EP Review: Dark Forest – Ridge & Furrow
Reviewed by Paul Hutchings
Over 20 years, Dark Forest have followed their own path. Their aim – to create and play the music they enjoy. It’s been a while since I’ve crossed paths with them, but their last two full-length releases, 20916’s ‘Beyond the Veil’ and 2020’s ‘Oak Ash and Thorn’ both sat well with me.
It seems timely to reacquaint myself with the band from the Black Country, and this five track EP demonstrates that after two decades together, they still can write a cracker of a melodic metal song. For the uninitiated, Dark Forest, formed by guitarist Christian Horton, play a traditional style of metal that relies on heavy riffs balanced with flourishing melodic guitar breaks, clean vocals and a solid rhythm section that provides the foundation of the band’s style. Alongside Horton stands vocalist Josh Winnard, second guitarist Patrick Jenkins and drummer Adam Sidaway.

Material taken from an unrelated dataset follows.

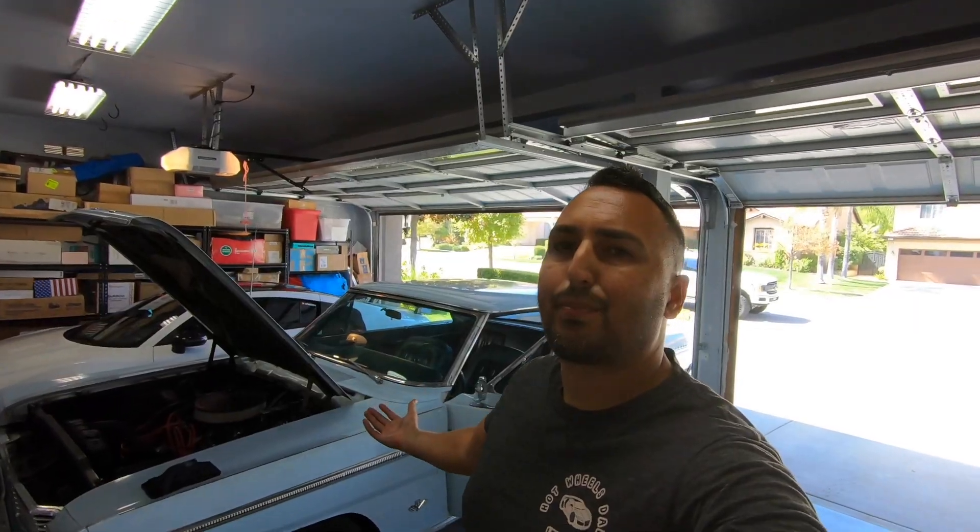All right you guys, that's it for this episode of Hot Wheels Dad. I hope you enjoyed the oil change on this 289 Ford Fairlane. Please give this video a thumbs up if you like this content, and go check out the rest of this build — I've done quite a bit with this car since I received it. Browse the channel and check those out. Check out my social pages — Hot Wheels Dad on Instagram, Facebook, and TikTok. Always remember, you are the maker of your own story, so don't forget to make it legendary. Catch you guys in the next one. Peace.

Nestled at the end of four new songs, ‘Ridge and Furrow’ also features a re-recording of ‘Under the Greenwood Tree’, a long-time favourite from 2011’s ‘Dawn of Infinity’. It doesn’t take a genius to work out that Dark Forest’s themes are very much focused on nature, landscape and the relationship between them and man.
Drawing their musical influences from the great UK metal bands of old, namely Iron Maiden and Judas Priest, Deep Purple and Led Zeppelin, Dark Forest also add an edge of power metal alongside the traditional dual guitar harmonies that light up opening track ‘Skylark’. The longest track on the EP, it’s an immediate reminder of the band’s quality with some stunning interplay and guitar work, whilst Winnard’s vocals hit all the right points. It’s an uplifting and anthemic piece which leads into ‘The Golden Acre’, another track where the Maiden influence is undeniable. It’s another song where you can simply let go, immerse yourself in the galloping pace and just enjoy the music.

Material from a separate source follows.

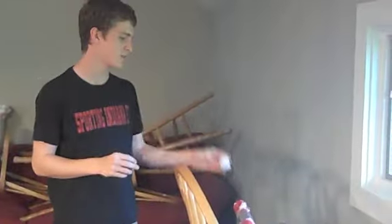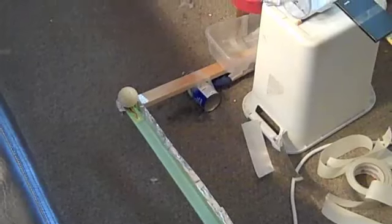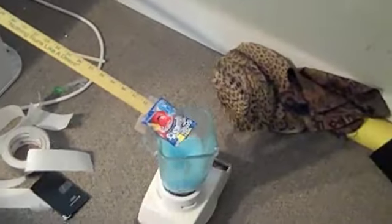Rube Goldberg, take one. Rube Goldberg, take four. Rube Goldberg, take six.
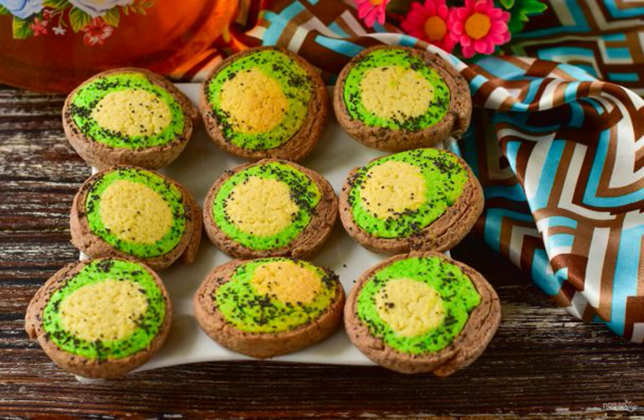Kiwi cookies turn out to be very beautiful and appetizing in appearance. Be sure to try to cook it. Serve the finished cookies with tea or a glass of milk.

The title track comes next, another majestic six-minute song, with plenty to explore. A fine performance from Winnard as he rises about the double guitar attack to deliver the story. A brief interlude follows. ‘Meadowland’ is a gentle acoustic piece that leads perfectly into that old classic ‘Under the Greenwood Tree’. The re-recording is vibrant, energetic, and uplifting. It gallops along, encouraging you to raise your sword to a time when chainmail was all the rage!
‘Ridge and Furrow’ is a timely reminder of Dark Forest’s past, and a shining light to their future, which on this showing, is bright.